Aim of the exercise: For the material below, the expected output is exactly the lines between the line holding "So hopefully this" and the line holding "These values are", inclusive, with pictures left out.
Data extract START
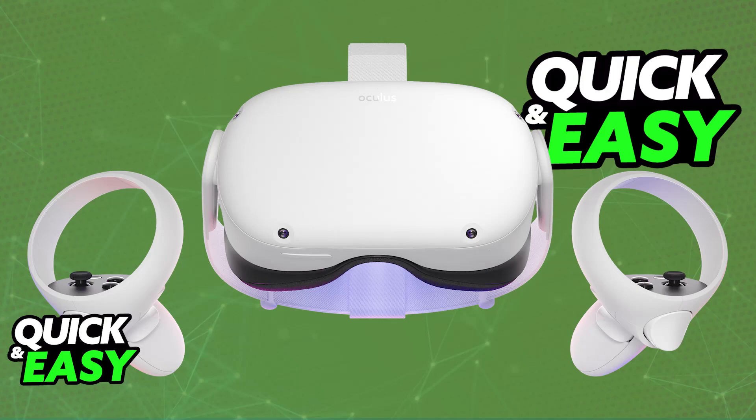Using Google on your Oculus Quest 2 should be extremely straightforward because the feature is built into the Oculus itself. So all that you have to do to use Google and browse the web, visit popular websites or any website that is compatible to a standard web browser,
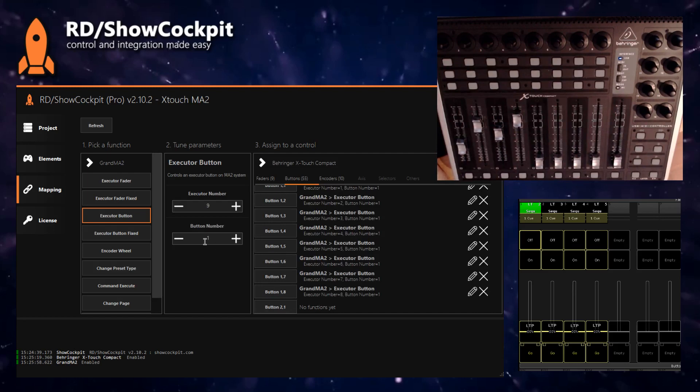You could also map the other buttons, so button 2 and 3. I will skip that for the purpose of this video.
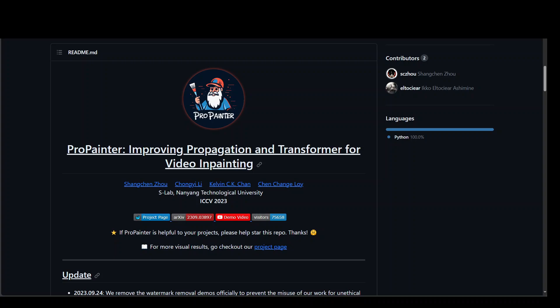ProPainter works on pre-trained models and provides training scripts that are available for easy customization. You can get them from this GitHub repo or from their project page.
Data extract END
Data extract START
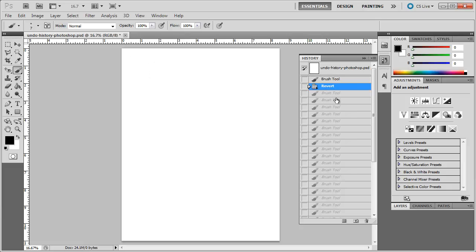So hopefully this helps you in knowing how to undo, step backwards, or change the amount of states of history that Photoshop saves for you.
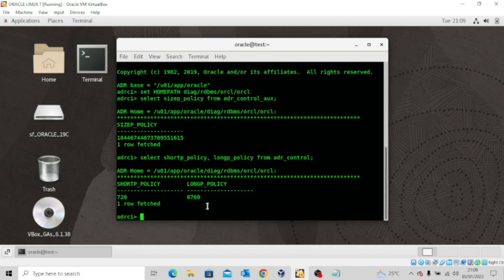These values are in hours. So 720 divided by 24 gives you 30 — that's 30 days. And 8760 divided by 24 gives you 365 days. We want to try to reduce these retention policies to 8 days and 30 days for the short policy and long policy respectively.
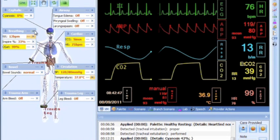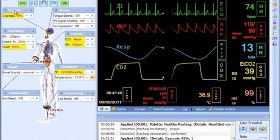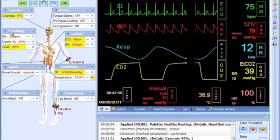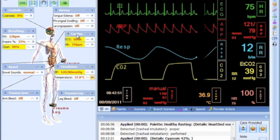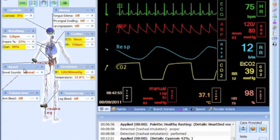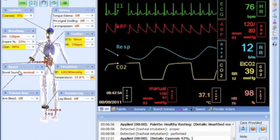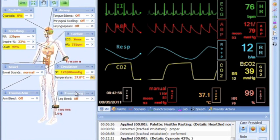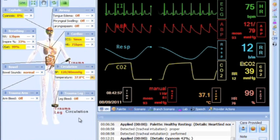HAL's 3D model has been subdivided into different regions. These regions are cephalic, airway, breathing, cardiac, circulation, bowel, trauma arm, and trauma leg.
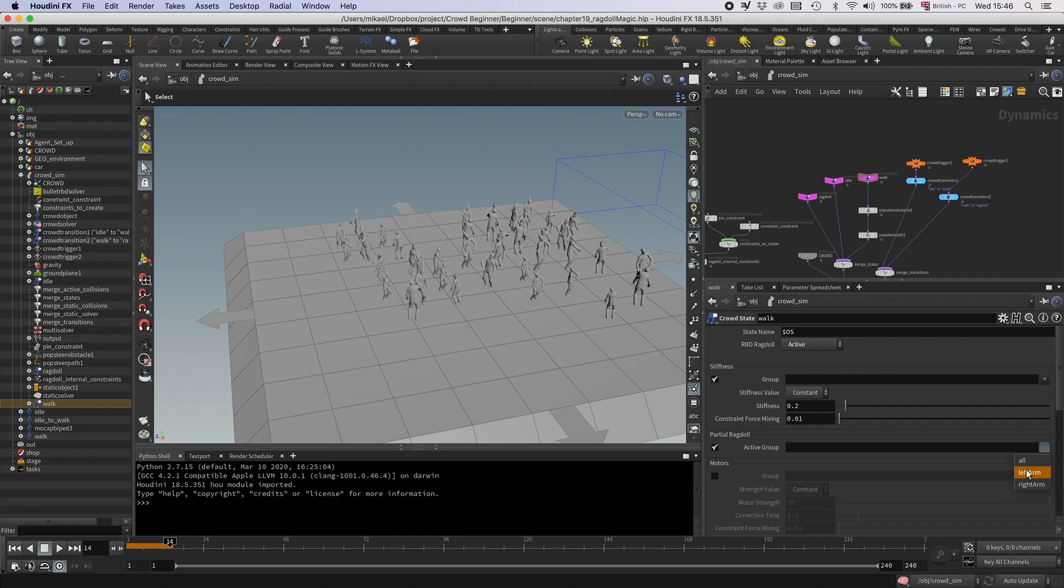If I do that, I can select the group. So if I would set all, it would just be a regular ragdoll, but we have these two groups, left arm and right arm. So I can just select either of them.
Data extract END
Data extract START
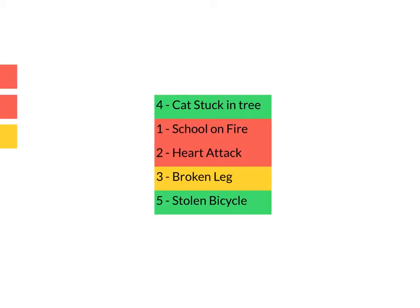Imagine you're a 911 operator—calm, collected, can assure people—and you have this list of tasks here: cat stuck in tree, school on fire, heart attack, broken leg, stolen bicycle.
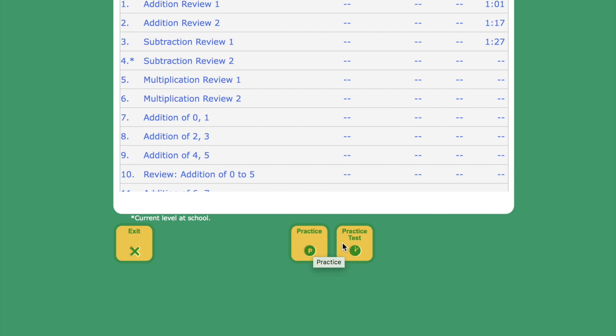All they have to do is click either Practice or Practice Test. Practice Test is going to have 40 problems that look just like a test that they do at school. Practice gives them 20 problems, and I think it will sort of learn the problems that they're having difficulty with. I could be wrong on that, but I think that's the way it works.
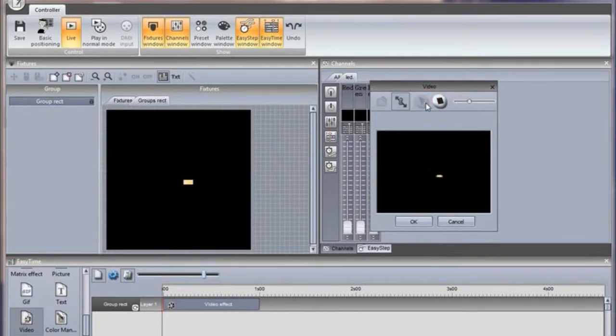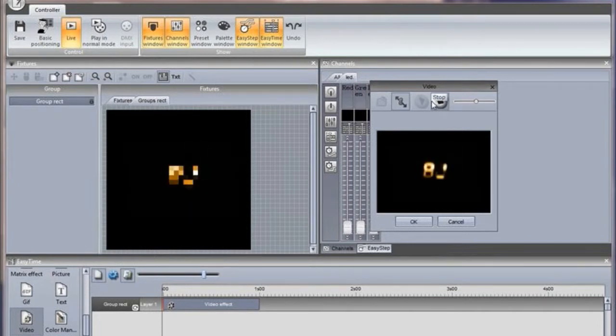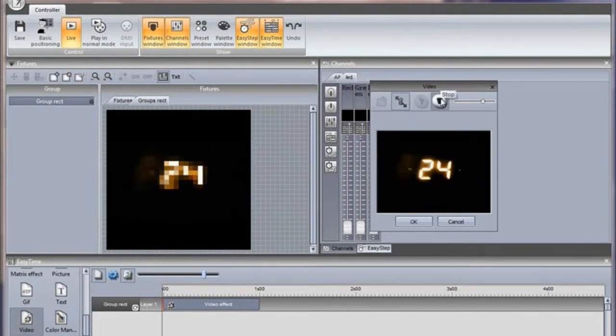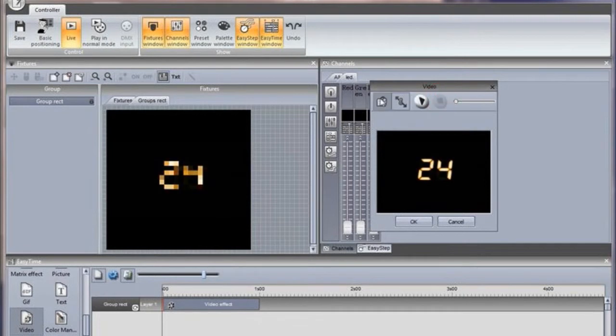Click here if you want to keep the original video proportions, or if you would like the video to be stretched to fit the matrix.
Data extract END
Answer to this exercise:
So hopefully this helps you in knowing how to undo, step backwards, or change the amount of states of history that Photoshop saves for you.
These values are in hours. So 720 divided by 24 gives you 30 — that's 30 days. And 8760 divided by 24 gives you 365 days. We want to try to reduce these retention policies to 8 days and 30 days for the short policy and long policy respectively.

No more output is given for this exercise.